With the world of online purchasing, ebay and "faceless" trading, the card collecting hobby has experienced a huge transformation over the past 10-15 years.
Gone are the days of only being able to trade or buy cards in person. Now, many of us pick up a lot of items without ever knowing who they are coming from. This is not necessarily a bad thing, but can definitely lead to a person jumping to conclusions.
The online hobby world creates forced level of trust. If I buy something from a guy in Toronto or Florida or Sweden, I am forced to trust that the person on the other end of the transaction will do their best to make sure the exchange happens as smooth as possible.
Unfortunately....that doesn't always happen. (Believe me - I know).
But I feel that there are two ways to handle situations like this. One is to try and work with the other party in hopes of coming to an agreed solution. Sometimes it's just a matter of patience while waiting for a bubble mailer to arrive. Other times it involves modifying the deal to compensate for the bump in the road.

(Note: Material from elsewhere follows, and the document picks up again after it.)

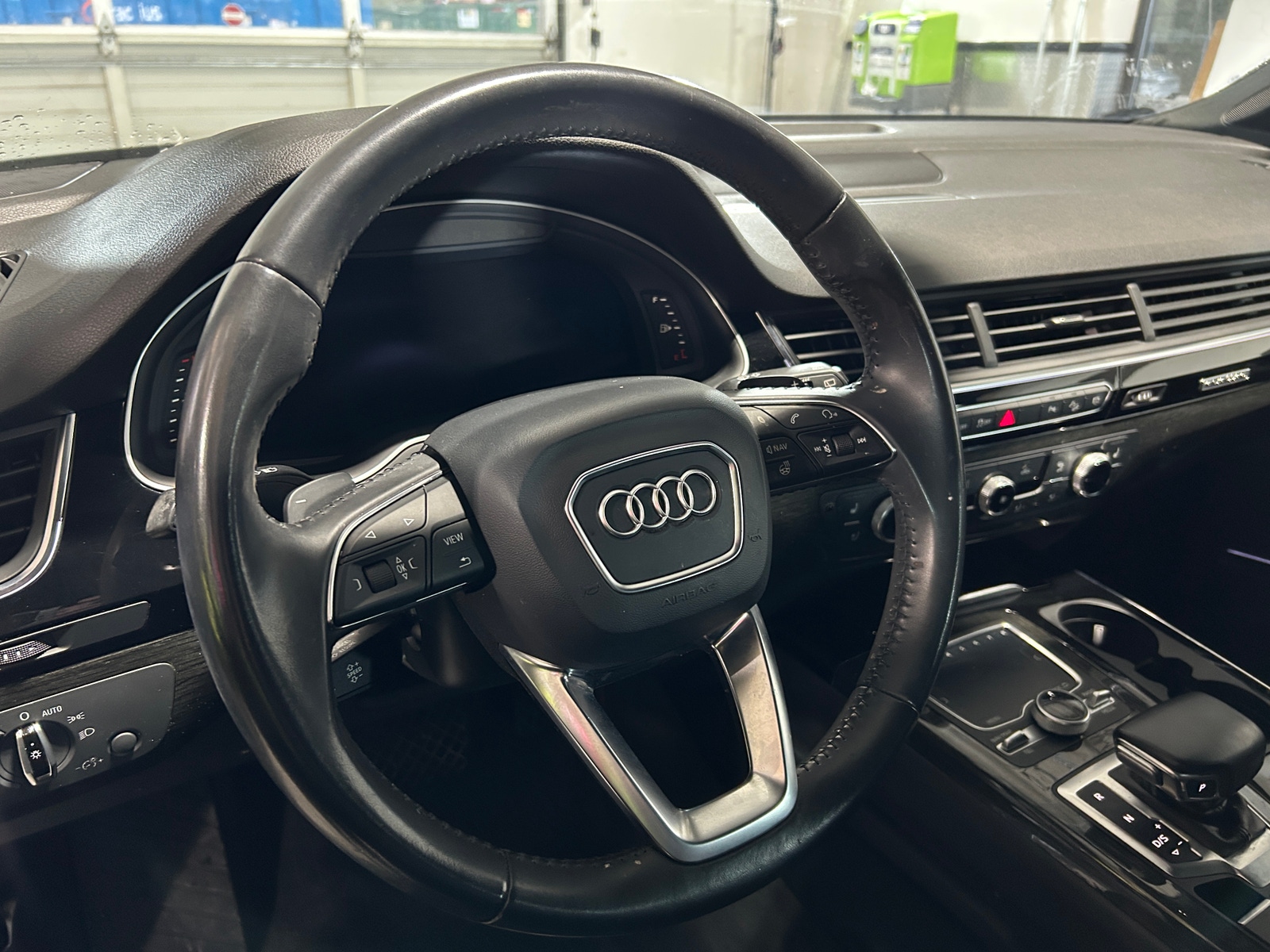 Thumbnail: 2018 Audi Q7 - 4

In any instance though I think that two things are paramount....
1. Try to maintain honest and open communication. Being respectful and listening to the other person while presenting your side of the situation. Putting all the cards on the table is key.

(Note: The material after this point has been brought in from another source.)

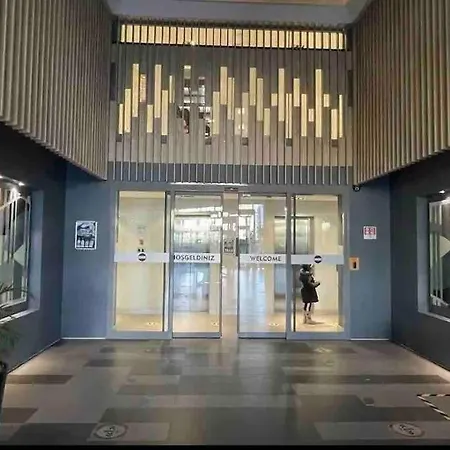 جناح فاخر مطل على البحيرة *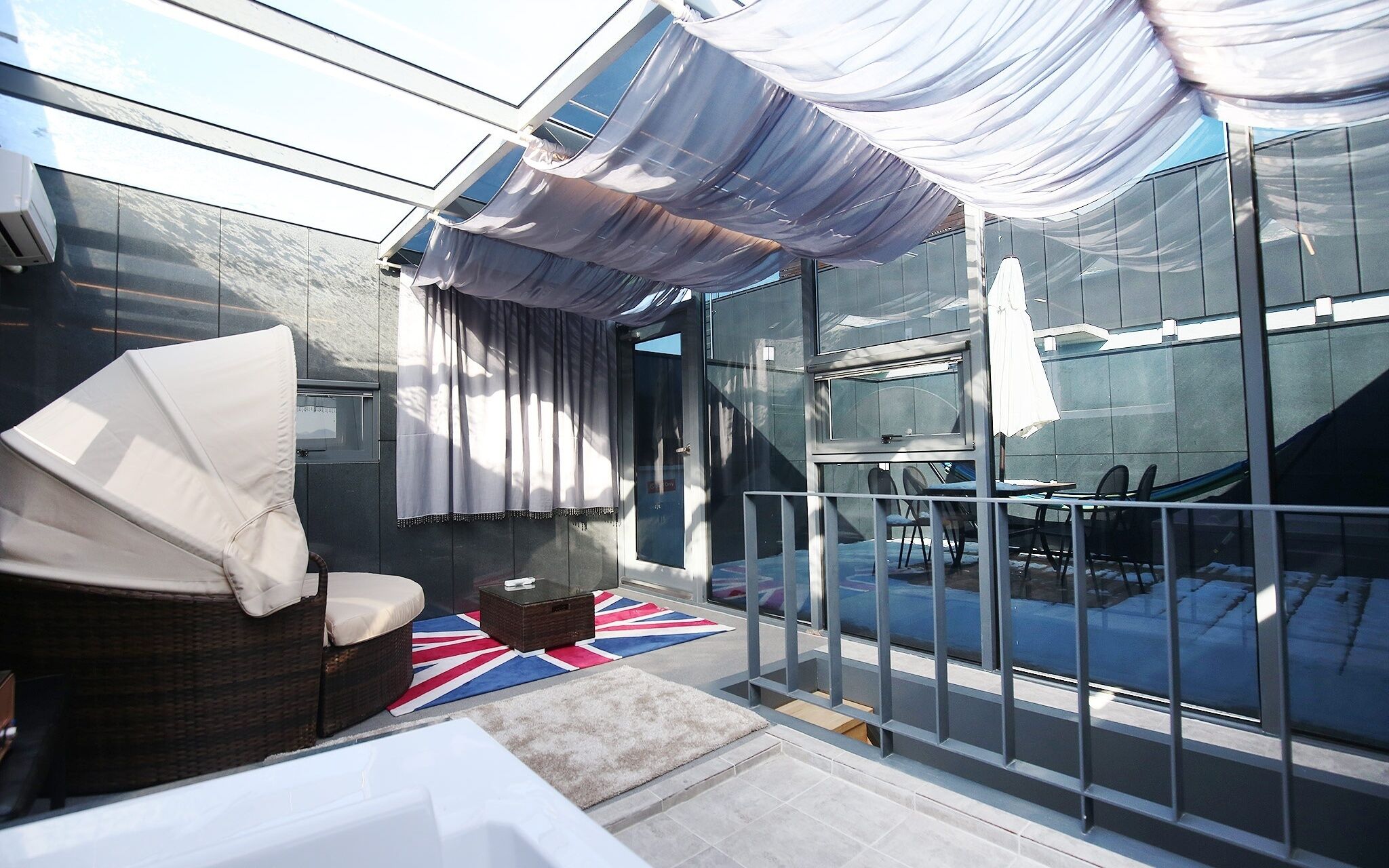 Jecheon Case Hotel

2. Don't jump to conclusions. While there are people out there who have the agenda of ripping people off, there are way more - WAY MORE good, honest collectors out there. To take the brush and paint them as one thing or another isn't fair until you have all the details.
It's frustrating when I see people jump to conclusions. Building the stories in their head. And while it might make sense to them (and who knows...it could be true), to brand a person as a "liar", "thief", "rip-off artist" (you get my drift) without first getting all the facts is just unethical.

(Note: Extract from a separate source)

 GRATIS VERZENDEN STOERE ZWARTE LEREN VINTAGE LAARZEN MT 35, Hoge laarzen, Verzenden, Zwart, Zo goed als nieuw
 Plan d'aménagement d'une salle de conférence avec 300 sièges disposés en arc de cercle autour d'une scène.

I can appreciate that people get frustrated when things don't go the way they expect, but I can only think of two things when that happens. Either you had unrealistic expectations to begin with or you didn't think of that specific scenario ahead of time. Being able to take that frustration and turning it into positive energy often times makes the difficult situation much more tolerable.
Not everybody is wired the same way. You have to respect that.
Not everybody has the same hobby habits as you. You have to respect that.
Not everybody is out to "get you".
Jumping to conclusions does nothing but magnify and intensify the situation...and quite often in a negative way. It serves no purpose.
And it's one thing to jump to a conclusion in your head. I think we all do that. When things go bad, we flip through the various scenarios. But it's another to take the time to sit in front of the computer, type these conclusions out and hit "send".
That can create a slippery slope. Putting a label on a person who might be innocent of the accusation is just flat out not cool.
I think what's most frustrating about jumping to conclusions is that people gravitate towards these situations. Heck, I'll admit I'm guilty of it myself. It's like a car wreck or a police bust....we all slow down and take a look. In addition to putting the spotlight on one more "negative" in this hobby, it can lead to even more people jumping to conclusions.
Sorry for putting the spotlight on it. Now I'm going to think up a positive post.